This proposal seeks support for a translational grant funded continuously by NICHD for the past 26 years. Altered partitioning of fat, independent of obesity, during adolescence carries a high risk for insulin resistance (IR), T2D and Fatty Liver. Over the last decade, we formed ?The Yale Study of Body Fat Patterning in Obese Adolescents? cohort, assessed the role of body fat distribution as a modifier of glucose/insulin metabolism and described a distinct ?metabolic phenotype? typified by a thin superficial layer of abdominal SAT, increased VAT, fatty liver and marked IR . Recently, longitudinal follow-up of this cohort revealed that the High VAT/(VAT+SAT) phenotype is the best predictor of fatty liver in youth. To unravel the cellular mechanisms underlying the inefficient fat storage in abdominal SAT we began, in the current cycle, with Marc Hellerstein to employ the 2H2O labeling method to measure in vivo the dynamic fluxes of triglycerides, De Novo Lipogenesis (DNL) and adipocyte turnover in the abdominal and gluteal SAT . Highlights: Obese adolescent girls with High VAT/(VAT+SAT) display: a- Increased in vivo rates of lipolysis in abdominal and gluteal SAT; b- higher adipocyte turnover; c- the increased lipolytic rates related strongly to Fatty Liver. Building on these findings, the overarching goal of this proposal is: To unravel the underlying molecular mechanisms by which impaired insulin-mediated suppression of lipolysis from two SAT depots occurs and its link with Fatty Liver, in obese adolescents with the unfavorable pattern of abdominal fat distribution.

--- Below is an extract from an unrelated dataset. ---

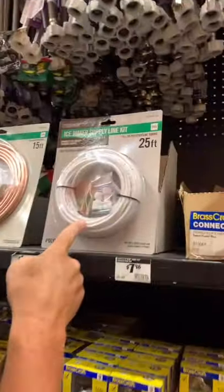Ice maker water lines — you should know they come in quarter inch tubing. This tubing comes in plastic, copper, and stainless steel. The twin favorite is stainless steel.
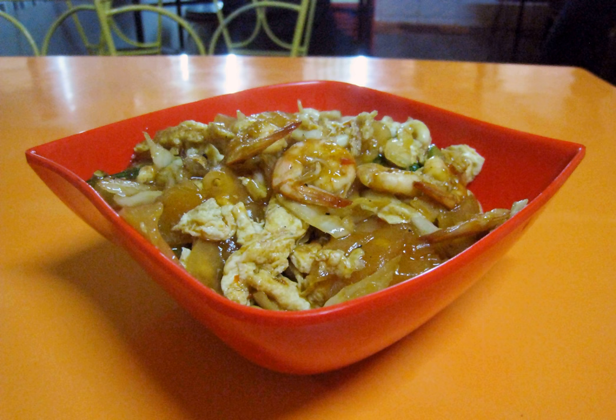Since krupak, especially prawn and fish crackers, are quite costly, the cheaper street food version usually adds other carbohydrate sources as a filler in order to lessen the use of wet krupak and to make it more satisfying. These extra carbs are slices of kwetiao and/or macaroni. Another popular variant uses chicken feet as one of the main ingredients.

The Specific Aims & Hypotheses (H) are:
Aim 1 & H1 - To determine the underlying molecular mechanisms causing the increased in vivo lipolysis flux in the abdominal and gluteal SAT depots of obese with High VAT/(VAT+SAT) compared to BMI, age, and gender matched obese youths with Low VAT/(VAT+SAT). H1: Increased WAT lipolysis in obese youth with High VAT/(VAT+SAT) will be associated with decreased insulin-stimulated insulin receptor kinase (IRK) phosphorylation leading to increased ATGL, CGI-58, PLIN1 and HSL phosphorylation.

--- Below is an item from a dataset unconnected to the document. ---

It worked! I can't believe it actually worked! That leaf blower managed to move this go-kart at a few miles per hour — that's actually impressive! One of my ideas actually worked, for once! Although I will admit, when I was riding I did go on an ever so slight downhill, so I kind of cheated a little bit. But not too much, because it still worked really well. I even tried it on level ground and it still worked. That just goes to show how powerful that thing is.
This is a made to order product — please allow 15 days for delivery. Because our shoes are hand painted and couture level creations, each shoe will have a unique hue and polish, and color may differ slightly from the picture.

Aim 2 & H2a- To test whether increased rates in gluconeogenesis (GNG) associated with the excessive WAT lipolysis in the SAT contribute to hepatic IR in obese youths with High VAT/(VAT+SAT) compared to BMI, age, sex matched obese youths with the Low VAT/(VAT+SAT). H2b- Increased rates of WAT lipolysis in obese youth with High VAT/(VAT+SAT) will correlate with increased rates of hepatic GNG, which in turn can be attributed to increased hepatic acetyl-CoA content as reflected by increased rates of ?-OHB turnover.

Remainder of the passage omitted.